Not to be confused with the American Young Adult book series.
Contains example of the following tropes:
- Awful Truth: Midas' confessions to Agustina, though it overlaps with Forbidden Fruit.
- Big, Screwed-Up Family: The whole novel is an example on this trope and its variations:
- The Londoños mainly on the Plausible Deniability, financing Escobar, infidelity and some fucked up Fake Memories through Brainwashing that makes some villans look pussies.
- They are also the epitome of Parental Issues to a point that both Bichi and Agustina Shed the Family Name. Only Joaco stayed, and it was mainly for the money.
- The Portulinus possible incest and Blanca's suspicious reaction of his husband death.
- Since the Portulinus is part of the Londoños family, well, we can say It Runs in the Family
- Midas Mc Alister's also Shed the Family Name, nut at the end he is a Momma's Boy.
- The Londoños mainly on the Plausible Deniability, financing Escobar, infidelity and some fucked up Fake Memories through Brainwashing that makes some villans look pussies.
- Cassandra Truth: When Bichi's reveals her father infidelity to her mother, with pictures the father takes himself.

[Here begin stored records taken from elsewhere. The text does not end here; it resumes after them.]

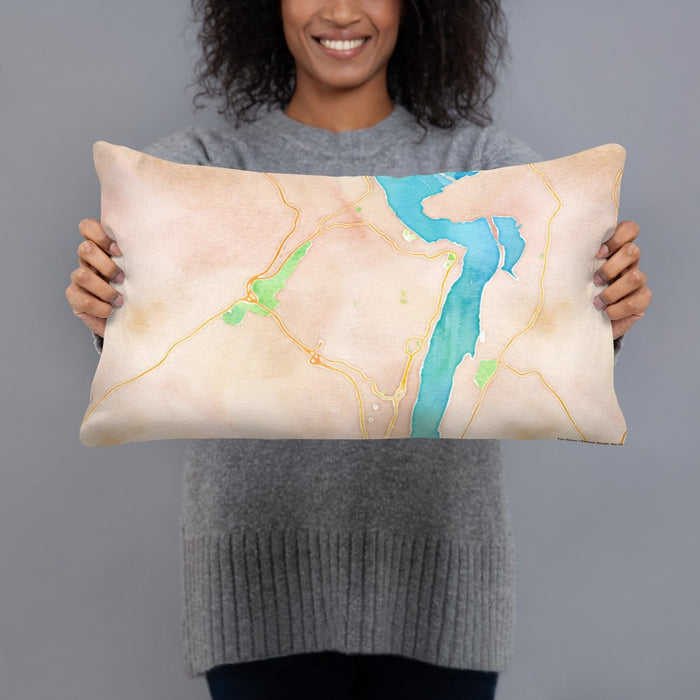 Person holding 20x12 Custom West Point New York Map Throw Pillow in Watercolor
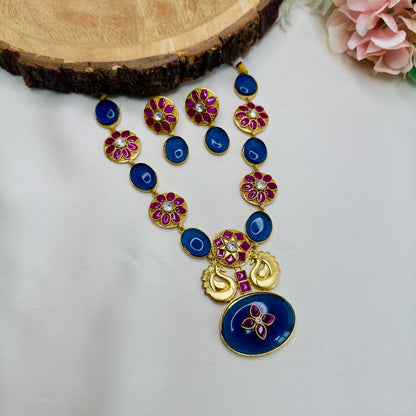 Peacock Design Blue Necklace Set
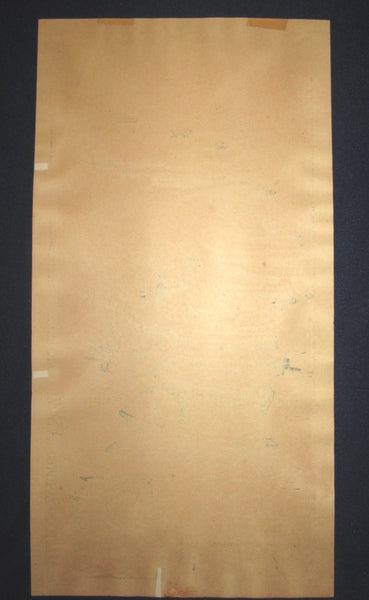 A Large Original Japanese Woodblock Print PENCIL sign Okuyama Jihachiro Boats (2)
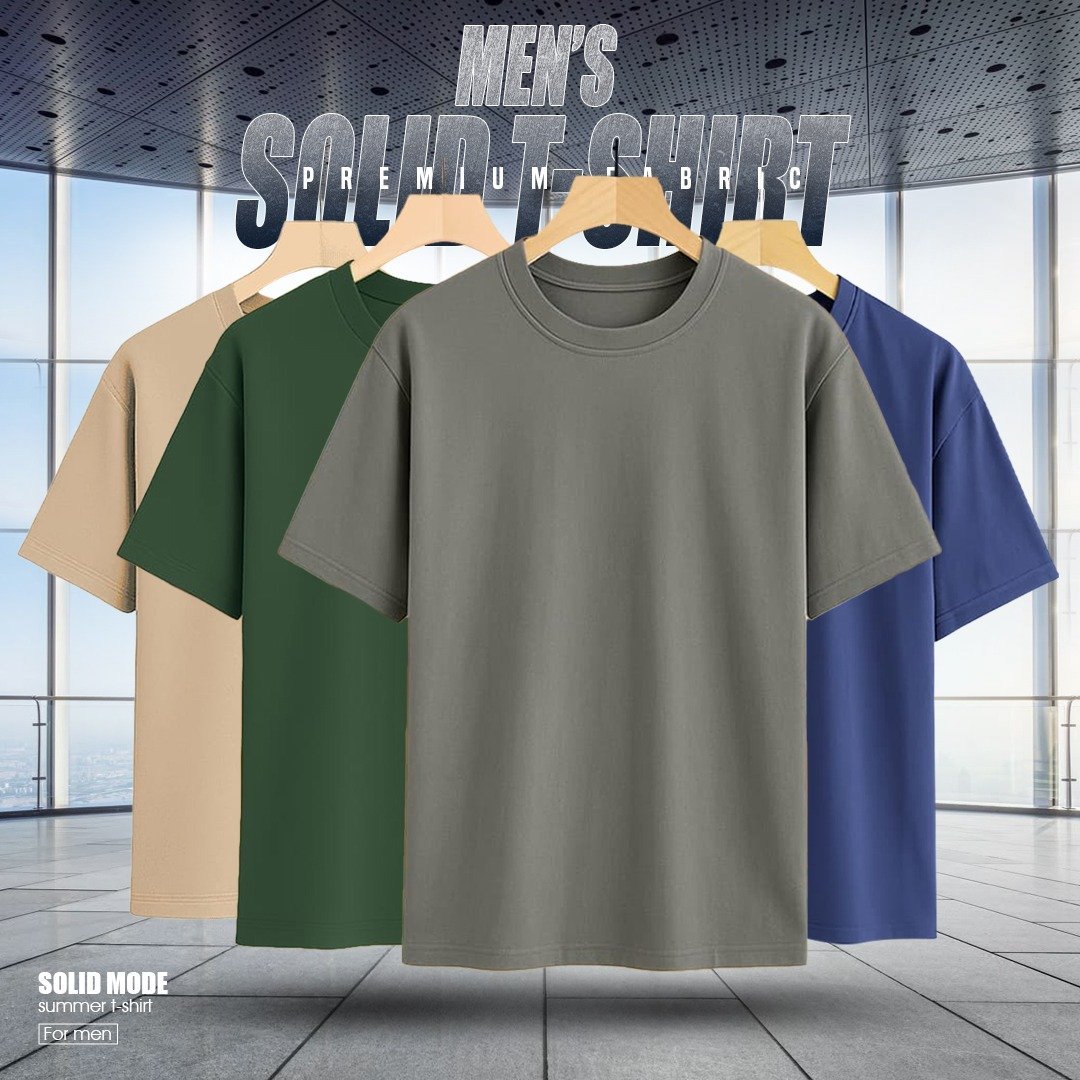 4 PCS PREMIUM SOLID DROP SHOULDER T-SHIRT FOR MEN'S(Khaki,Green,Surma,Navy)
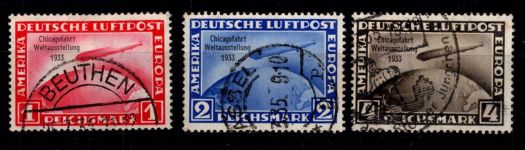 Deutsches Reich 496-498 gestempelt Hauptwert geprüft Grabowski BPP #DBC07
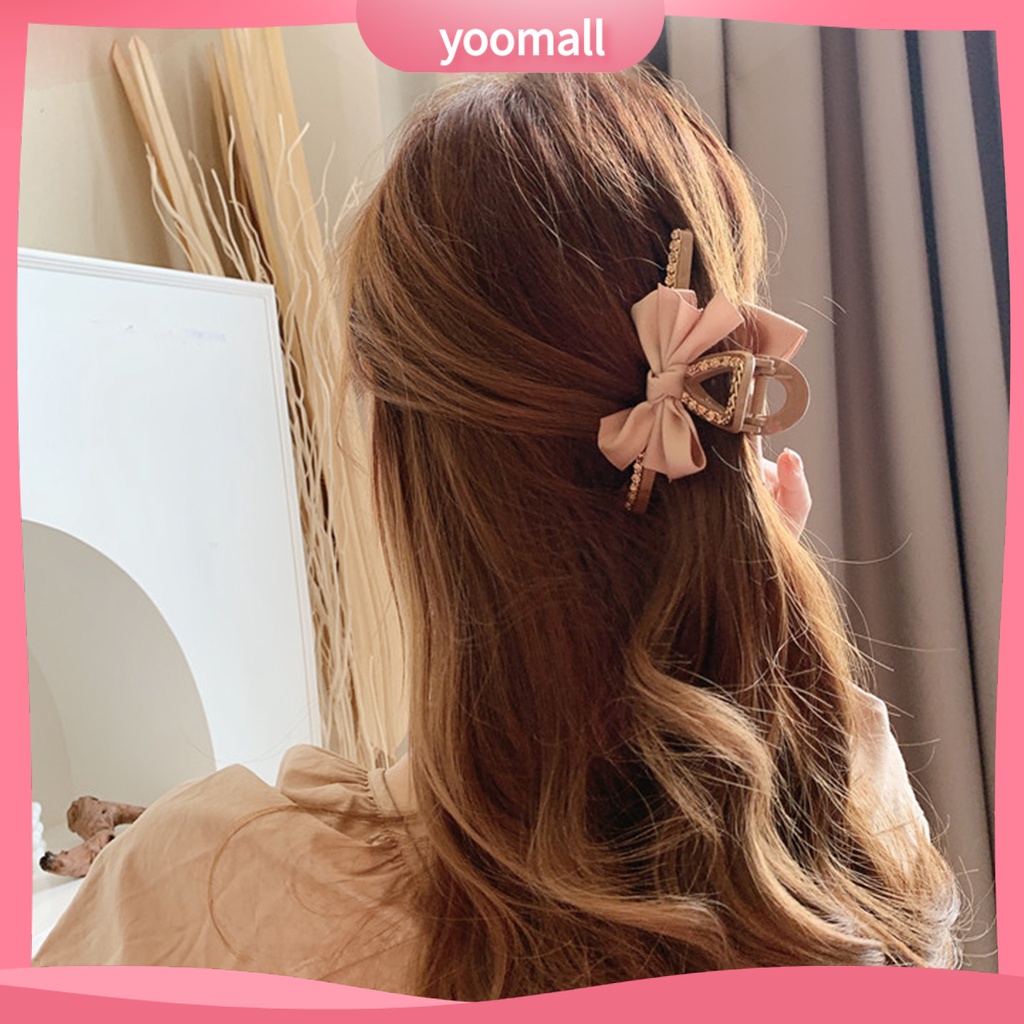 Kẹp Tóc Càng Cua Đính Đá Màu Trơn Chống Rơi Cho Nữ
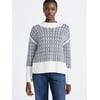 Free Assembly Women's Patterned Mock Neck Sweater 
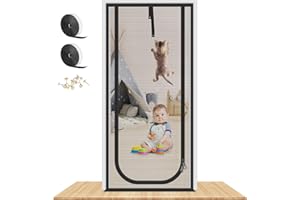 MYPIN Upgraded Reinforced Cat Screen Door, 38x83'' Heavy Duty Pets Proof Screen Door with Two Way Zips, Prevent Dogs Cats Running Out from Home, Bedroom, Living Room, Kitchen Patio Door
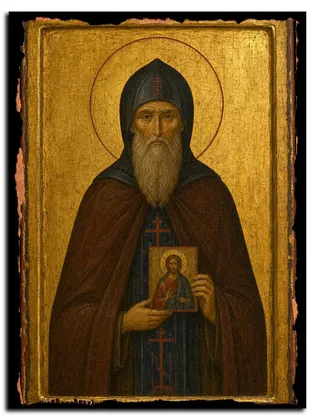 Памва Печерский, затворник, преподобный иеромонах — икона на дереве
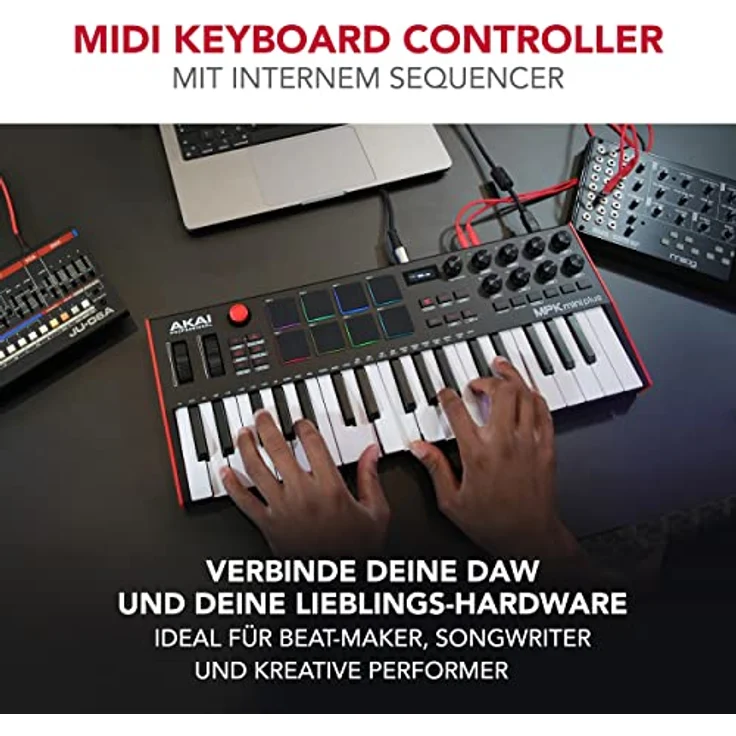 AKAI Professional MPK Mini Plus - 37-Tasten USB MIDI Keyboard Controller mit 8 RGB MPC Pads, Drehreglern und Musikproduktionssoftware für PC und Mac – Bild 3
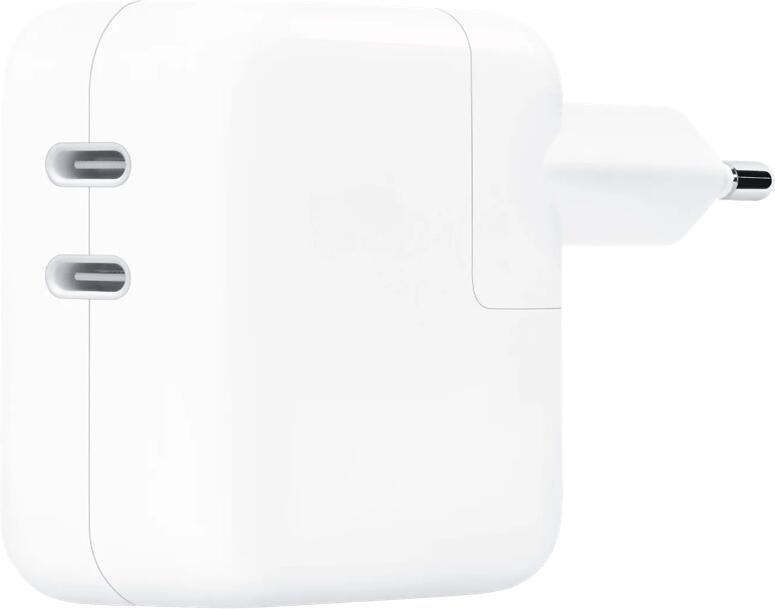 Apple Lichtnetadapter van 35 W met twee USB-C-poorten Oplader Wit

But Brainwashing takes all credibility to the pictures.
- The Don: Pablo Escobar.
- Dirty Cop: Ronald "Silver" Silverstein, borderline with Double Agent, but not due to the fact that EVERYONE knows he is from the DEA
- He only "snitch" someone when Pablo Escobar tells him, Joao and Araña that Midas has his money.
- Electric Love: When Lena touches the hand of the handsome security guard, she describes the feeling as "a tiny electrical shock buzzes through me, and I pull away quickly."
- Fate Worse than Death: Araña's accident that ends up making hip dysfunctional and Agustina's sex before marriage
- Incest Subtext: Portulinus and her sister, but you never really know since he is not narrating the story.
- Meaningful Name: Eugenia's, who is Agustina's mother, philosophy and German ancestry, and Midas, well, he actually calls himself King Midas.
- Not So Great Escape: Midas' escape plan.
- Oh, Crap!: The moment Midas discovers that he insulted and negated part of the family of Escobar to enter to his gym.
- Also when he learns the whole ruse Escobar made so his firends do the job for him.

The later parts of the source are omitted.